» EXERCISE PROMPT: If a record holds a picture, please leave the picture out and copy the rest of the record exactly.

» EXCERPTED RECORDS:
——————
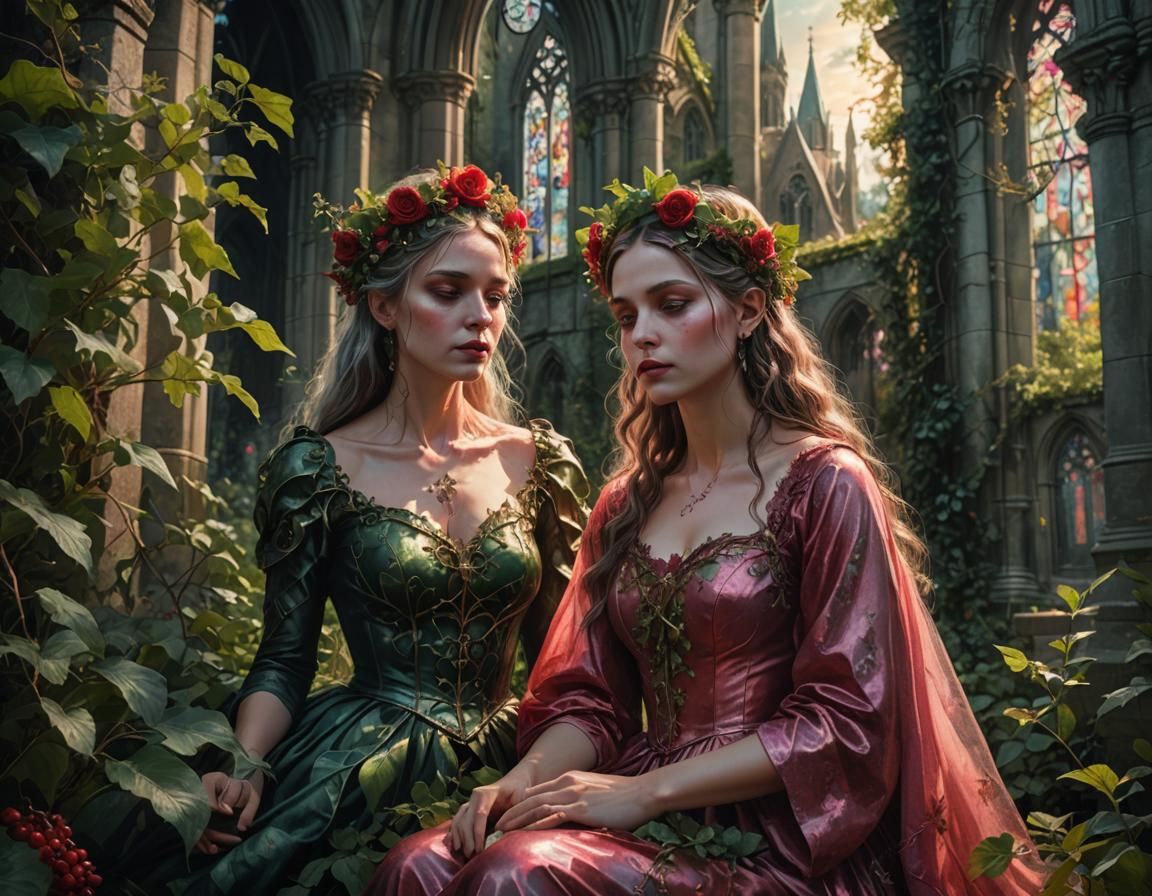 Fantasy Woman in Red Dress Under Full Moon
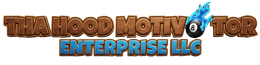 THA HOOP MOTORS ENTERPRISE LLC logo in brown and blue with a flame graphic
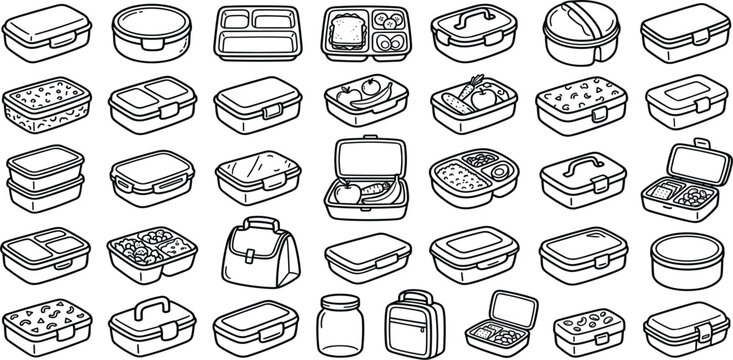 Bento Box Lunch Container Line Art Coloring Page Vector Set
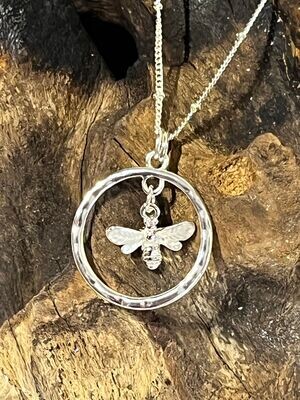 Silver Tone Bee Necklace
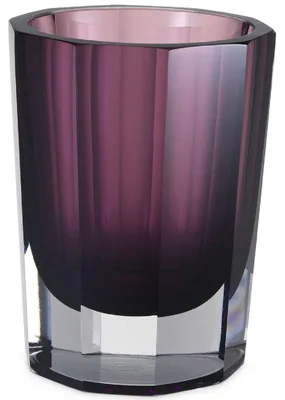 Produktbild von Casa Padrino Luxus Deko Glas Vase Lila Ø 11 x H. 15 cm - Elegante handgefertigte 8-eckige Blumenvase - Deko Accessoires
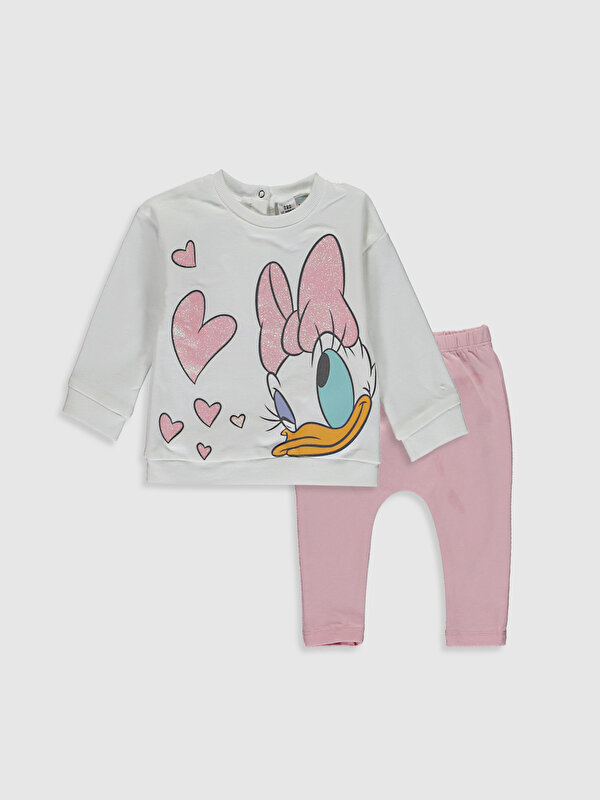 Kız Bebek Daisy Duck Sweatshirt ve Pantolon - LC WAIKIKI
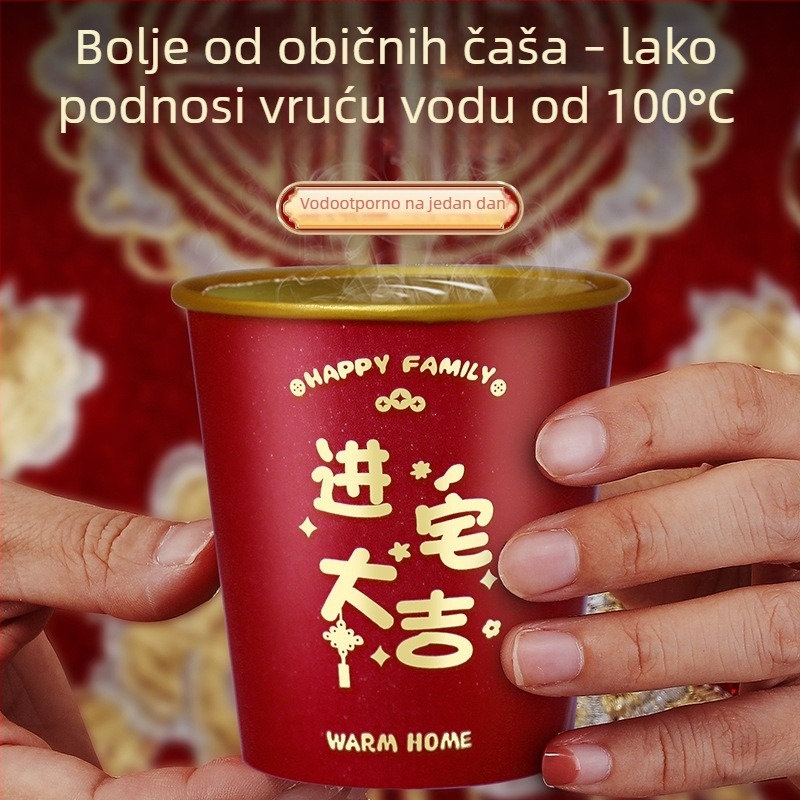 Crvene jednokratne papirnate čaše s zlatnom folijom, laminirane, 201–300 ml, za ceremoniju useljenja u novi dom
——————
» RESULT OF THE TASK:
 Fantasy Woman in Red Dress Under Full Moon
 THA HOOP MOTORS ENTERPRISE LLC logo in brown and blue with a flame graphic
 Bento Box Lunch Container Line Art Coloring Page Vector Set
 Silver Tone Bee Necklace
 Produktbild von Casa Padrino Luxus Deko Glas Vase Lila Ø 11 x H. 15 cm - Elegante handgefertigte 8-eckige Blumenvase - Deko Accessoires
 Kız Bebek Daisy Duck Sweatshirt ve Pantolon - LC WAIKIKI
 Crvene jednokratne papirnate čaše s zlatnom folijom, laminirane, 201–300 ml, za ceremoniju useljenja u novi dom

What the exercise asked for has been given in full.